See also Time release technology > List of abbreviations for formulation suffixes.

===Combination drug products===
For combination drug products—those with two or more drugs combined into a single dosage form—single nonproprietary names beginning with "co-" exist in both British Approved Name (BAN) form and in a formerly maintained USP name called the pharmacy equivalent name (PEN). Otherwise the two names are simply both given, joined by hyphens or slashes. For example, suspensions combining trimethoprim and sulfamethoxazole are called either trimethoprim/sulfamethoxazole or co-trimoxazole. Similarly, co-codamol is codeine-paracetamol (acetaminophen), and co-triamterzide is triamterene-hydrochlorothiazide. The USP ceased maintaining PENs, but the similar "co"-prefixed BANs are still current.

===Pronunciation===
Most commonly, a nonproprietary drug name has one widely agreed pronunciation in each language. For example, doxorubicin is consistently /ˌdɒksoʊ-ˈruːbᵻsɪn/ in English. Trade names almost always have one accepted pronunciation, because the sponsoring company who coined the name has an intended pronunciation for it.

However, it is also common for a nonproprietary drug name to have two pronunciation variants, or sometimes three. For example, for paracetamol, both /ˌpærəˈsiːtəmɒl/ and /ˌpærəˈsɛtəmɒl/ are common, and one medical dictionary gives /pæˌræsᵻˈtæmɒl/.

Some of the variation comes from the fact that some stems and affixes have pronunciation variants. For example, the aforementioned third (and least common) pronunciation for paracetamol reflects the treatment of the acet affix as /ˈæsᵻt/ rather than /əˈsiːt/ (both are accepted for acetyl).
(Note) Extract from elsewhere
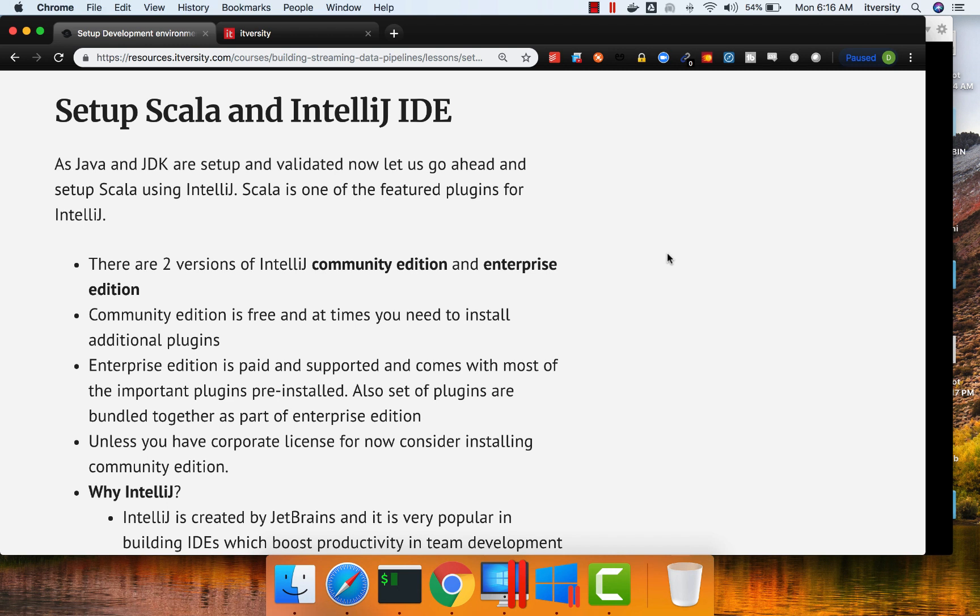Keep in mind that Scala is one of the featured plugins for IntelliJ, which means if you already have IntelliJ running on your PC to develop Java-based applications, you can actually go to plugins and then download Scala and use it.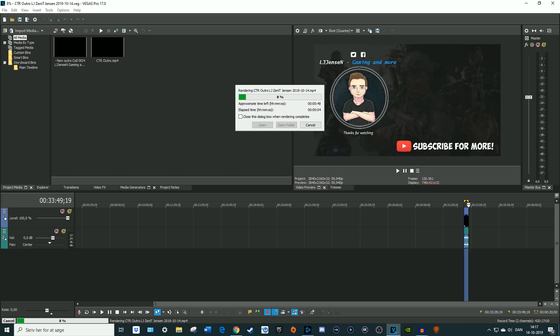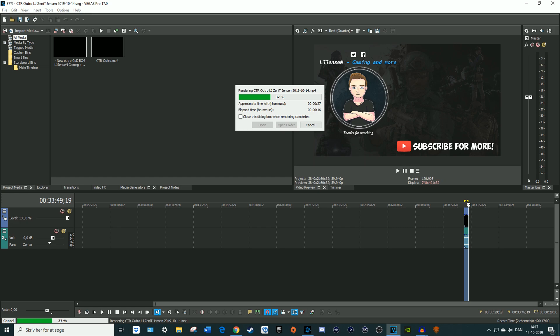I don't know if this will work for every version of this program or if it can fix all the error messages you're getting while trying to render, but it has definitely fixed mine. I'm really happy for that and I hope it can help some of you as well.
The World Health Organization does not give suggested pronunciations for its INNs, but familiarity with the typical sounds and spellings of the stems and affixes often points to the widely accepted pronunciation of any given INN. For example, abciximab is predictably /æbˈsɪksᵻmæb/, because for INNs ending in -ciximab, the /ˈsɪksᵻmæb/ sound is familiar. The United States Pharmacopeia gives suggested pronunciations for most USANs in its USP Dictionary, which is published in annual editions. Medical dictionaries give pronunciations of many drugs that are both commonly used and have been commercially available for a decade or more, although many newer drugs or less common drugs are not entered. Pharmacists also have access to pronunciations from various clinical decision support systems such as Lexicomp.

==Drug brands==
For drugs that make it all the way through development, testing, and regulatory acceptance, the pharmaceutical company then gives the drug a trade name, which is a standard term in the pharmaceutical industry for a brand name or trademark name. For example, Lipitor is Pfizer's trade name for atorvastatin, a cholesterol-lowering medication. Many drugs have multiple trade names, reflecting marketing in different countries, manufacture by different companies, or both. Thus the trade names for atorvastatin include not only Lipitor (in the U.S.) but also Atocor (in India).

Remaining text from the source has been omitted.